図5(a)(b)は、上掲図3、4に示した構成からなる折板屋根改修用金具3を用いて、既設折板屋根Sの上に新設折板屋根S′を葺きあげた状態を一部分について示した図である。
本発明にしたがう折板屋根改修用金具3は、新設折板屋根S′を構成する折板屋根材の裏面に形成された顎部に上部材3bの係止片3b2、3b3が嵌合することにより該新設折板屋根S′を強固に固定する一方、下部材3aがその脚部3a1、3a2を通して既設折板屋根Sの下側に位置するタイトフレーム2にドリルねじの如き締結手段dによって固定されるため、台風等の強風により大きな負圧が作用しても新設折板屋根S′が受ける力は、該タイトフレーム2を支持する既設鉄骨下地5へと伝達されるため風の吹き上げによる負圧に対する耐久性を高めることができる。また、既設折板屋根Sのはぜ締め部は、下部材3aの天板3a35によって区画形成された凹所nに入り込むため、新設折板屋根S′は、既設折板屋根Sに近い位置に固定して葺きあげることが可能(仕上がり高さを低くできる)であり、既設仕上げ材(パラペット等)の撤去や改造を要することなしに雨仕舞に必要な高さを確保できる利点を有している。

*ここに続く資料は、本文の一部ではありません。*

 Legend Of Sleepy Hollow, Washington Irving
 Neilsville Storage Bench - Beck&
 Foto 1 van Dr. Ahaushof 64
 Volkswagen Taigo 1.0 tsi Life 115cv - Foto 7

本発明にしたがう折板屋根改修用金具3を用いて既設折板屋根Sの改修を行うには、図6に示すように、既設折板屋根Sの所定位置に所定間隔でもって複数個の折板屋根改修用金具3を固定し、次いで、新設折板屋根S′を構成する折板屋根板材を折板屋根改修用金具3の上部材3bに設けられた係止片3b2、3b3に嵌合させて固定すればよい。

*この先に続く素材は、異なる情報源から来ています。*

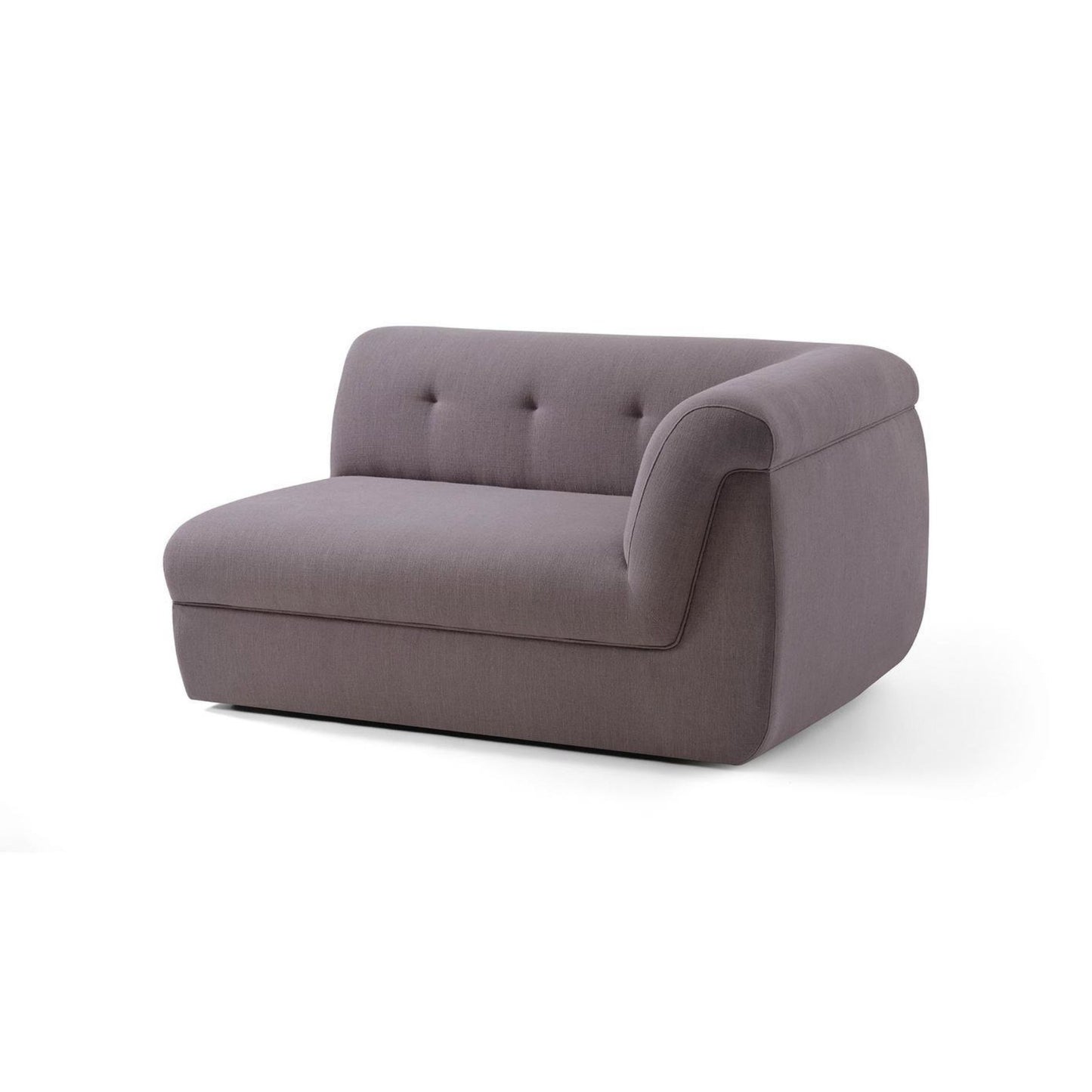 Esan Sofa Aster Allround L + M  + R + Ottoman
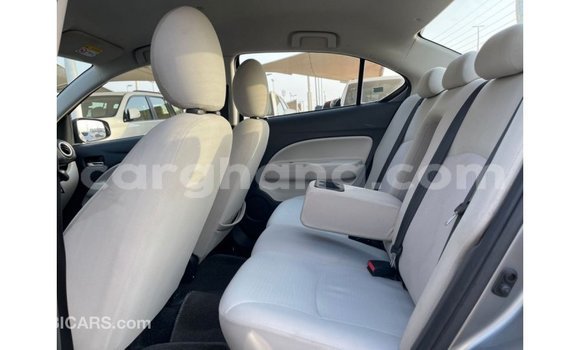 Buy Import Mitsubishi Attrage Other Car in Import - Dubai in Ashanti Buy Import Mitsubishi Attrage Other Car in Import - Dubai in Ashanti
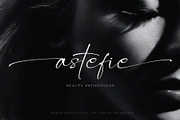 Roman Sophisticated Font Duo, a Serif Font by BrandSemut (Thumbnail 16 of 20)
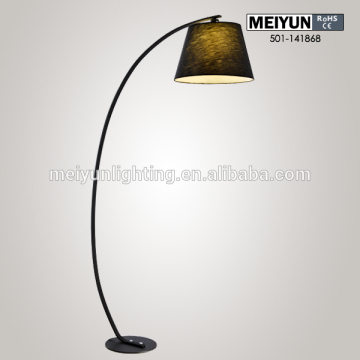 arch floor lamp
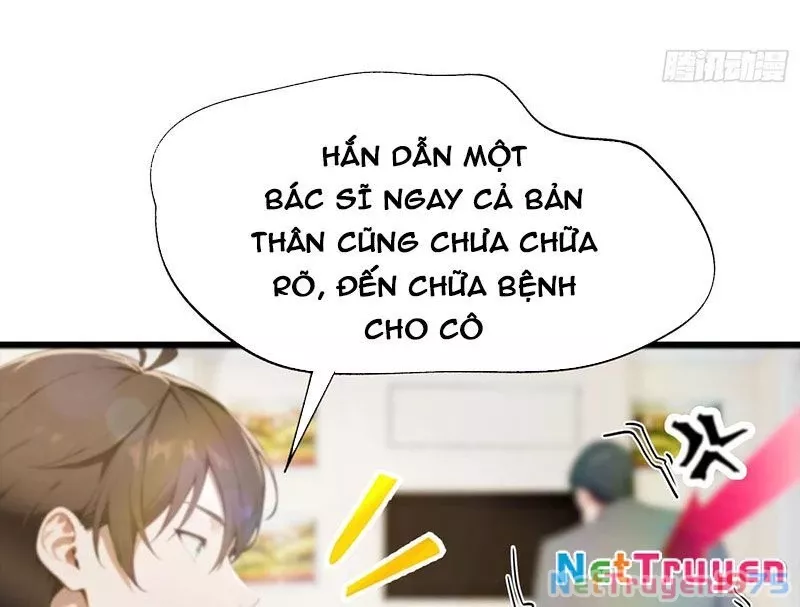 Đạo hữu nhường một chút: Ta đây tới đô thị chém quỷ thần: Chapter 3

本発明にしたがう折板屋根改修用金具3を用いて既設折板屋根Sを改修した場合、既設折板屋根Sの嵌合山部Yの頂部から新設折板屋根S′の嵌合山部Yの頂部までの垂直寸法h(図5(a)参照)は、35mm程度であり、従来のカバー工法を適用して折板屋根の改修を行った場合の同様の垂直寸法100mm程度に対して新設折板屋根の仕上がり高さが各段に低くなる。

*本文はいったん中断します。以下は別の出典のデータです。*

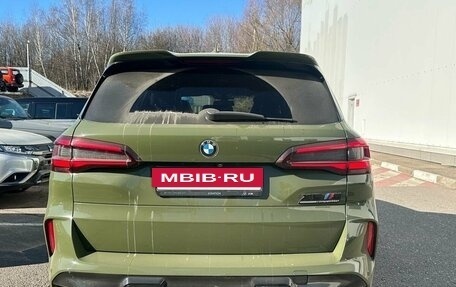 BMW X5 M, 2020 год, 11 497 000 рублей, 3 фотография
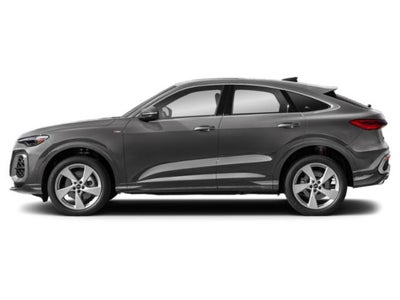 2026 Audi Q5 Sportback Premium Plus TFSI quattro S tronic
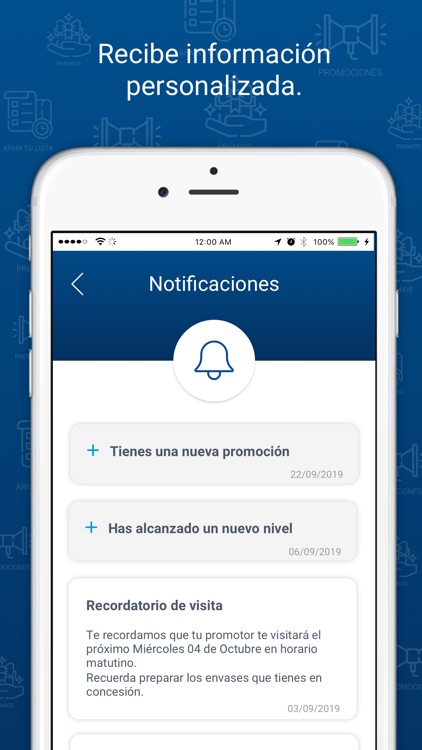 GEPP en tus manos screenshot-5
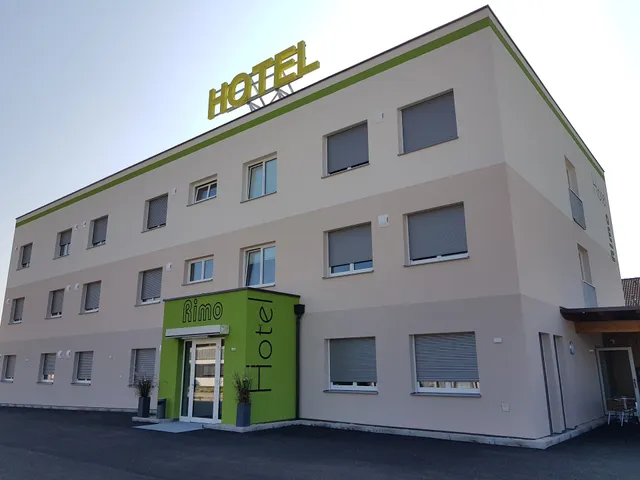 Hotel Rimo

下部材3aの天板3a35と上部位材3bの上側天板3b11は、それぞれ幅方向の中央部P(図2参照)を起点にその長手方向に沿って屈曲させた山折断面形状とするのが好ましく、該天板3a35、該上側天板3b11を山折断面形状とすることによりその部位の強度が高まり、新設折板屋根S′の確実な固定が可能となる。
上部材3bについては、その上側天板3b11、上側側板3b12、3b13および上側底板3b14、3b15に予め、図4(a)〜(c)の斜線部において示したような形状からなる窓孔を設けておき、この窓孔を利用して溶接あるいはリベット留(溶接とリベット留との併用も可)を行うことにより下部材3aとの効率的な接合を行うことができる。とくに、リベット留を行うに当たっては、上側底板3b14、3b15と底板3a31、3a32との相互間のみで行うことも可能であり、この場合においても十分な接合強度を確保し得る。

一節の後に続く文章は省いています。